The Court also found that Chatrie voluntarily and knowingly shared his Location History data with Google when he affirmatively turned on the Location History setting on his device. The Court emphasized that Location History is “off” by default, turning on Location History was not necessary to use his phone or applications, and before activating the setting, Chatrie received ample notice that Google would store his location data. The Court also noted that he had the right to view, delete, or change this data and to stop Google from collecting it at any time. The Fourth Circuit distinguished Chatrie’s affirmative decision to turn on the non-essential Location History setting from the sharing of CSLI in Carpenter, which the Supreme Court deemed to be involuntarily because it is an automatic and integral function of phones that cannot be stopped without turning off the phone or choosing not to have one – both unreasonable options, in the Court’s view, because phones are “a pervasive and insistent part of daily life.”
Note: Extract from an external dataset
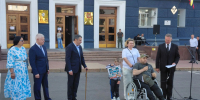 В Курске получившим ранения ветеранам СВО вручили ключи от десяти автомобилей - Курская правда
Chatrie’s counsel have indicated they will petition for hearing or rehearing en banc in light of Judge Wynn’s nearly seventy-page dissent, which would have found that Chatrie did have an expectation of privacy in his Location History and that the government’s search violated the Fourth Amendment and should not have been excused under the good-faith exception. 

Key Takeaways

Notwithstanding that the case may be reheard, key takeaways of the current Fourth Circuit opinion are:

The ruling is not a sweeping pronouncement that individuals lack a reasonable expectation of privacy in all location data or that all geofence requests are not searches.

  • Although the Fourth Circuit does not expressly limit its ruling to the facts before it, the facts here mattered – specifically, the narrow two-hour window capturing limited data offering only a narrow glimpse into the defendant’s life and Chatrie affirmatively enabled Location History subject to adequate notice and could disable it at any time. A court could reach a different outcome in a case involving a broader time period or a different type of location data, among other potential variables.

There may be narrow circumstances where the government attempts to use court orders or even subpoenas to compel providers to conduct reverse location searches. 

  • The Court’s finding that no search occurred and thus no warrant was required suggests that there may be circumstances like those in Chatrie where the government may compel providers to conduct geofence requests pursuant to lower levels of process, such as court orders for ECPA-covered providers and subpoenas for non-ECPA covered entities. Therefore, providers may see an uptick in geofence orders and subpoenas from forward-leaning investigators and prosecutors, particularly where the government does not believe it can show probable cause to obtain a warrant. 

Providers may change their products to limit their ability to process geofence requests.

  • After the Fourth Circuit held oral arguments, Google announced it would be changing the Location History setting, including by switching to storing Location History on users’ devices (as opposed to on Google’s servers) and encrypting this data when backed up to Google’s servers, curtailing Google’s ability to query using this type of location data. Apple has long employed similar approaches to location data, which has limited Apple’s ability to process geofence requests and resulted in Apple receiving very few geofence requests.